There is an extremely important text for the conflict in the 1830s between “Vietnam,” “Siam” and “Cambodia” that I have never seen an historian use before, and that is the The Strategy for Pacifying the Siamese Raiders and Thuận Bandits (Tiễu bình Tiêm khấu Thuận phỉ phương lược 勦平暹寇順匪方略).
This text contains very detailed information about the conflict between “Vietnam,” “Siam” and “Cambodia” in the early 1830s; much more detailed information than the Nguyễn Dynasty chronicles, The Veritable Records of Đại Nam (Đại Nam thực lục 大南寔錄), contains.
And from those details, one can gain very interesting insights into that conflict.

There is a document in this text, for instance, which talks about driving some Siamese forces out of Cambodia in 1834. It talks about how two groups of troops were involved in this effort: one Vietnamese, directed by Nguyễn Dynasty military officers, and the other, Cambodian, led by some oknha, or Cambodian officials.

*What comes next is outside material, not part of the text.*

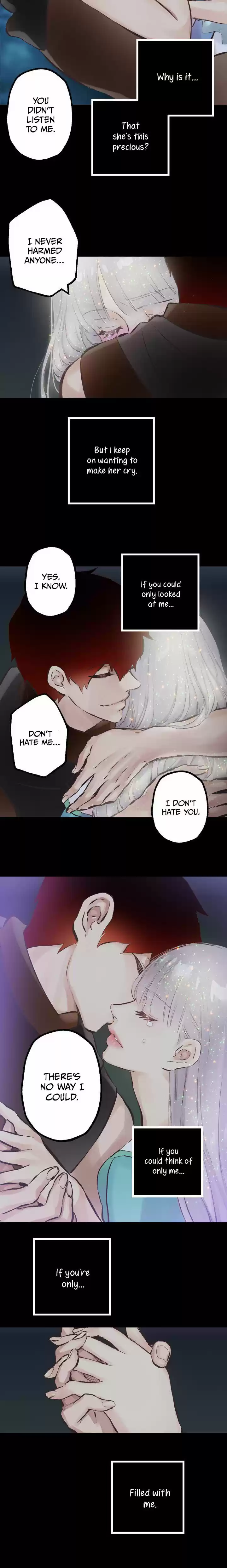 As Long As You Like It Chapter 72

As these two groups pursued the Siamese, they passed through areas where the Siamese troops had camped, and they had all been burned to the ground.
Eventually a Nguyễn Dynasty officer captured and interrogated a couple of Cambodian soldiers who had been fighting with the Siamese.
These two men revealed that the Siamese forces were actually made up of some Siamese phraya, or officials, as well as a Cambodian oknha, and that the troops consisted of Siamese, Cambodian and Lao soldiers. (8/8b-9a)

In other words, in this conflict you had Nguyễn Dynasty officials and Cambodian oknha fighting against Siamese phraya and Cambodian oknha who had Siamese, Cambodian and Lao troops. . .
So. . . who exactly was fighting whom? It certainly wasn’t a conflict between “the Vietnamese,” “the Siamese” and “the Cambodians.”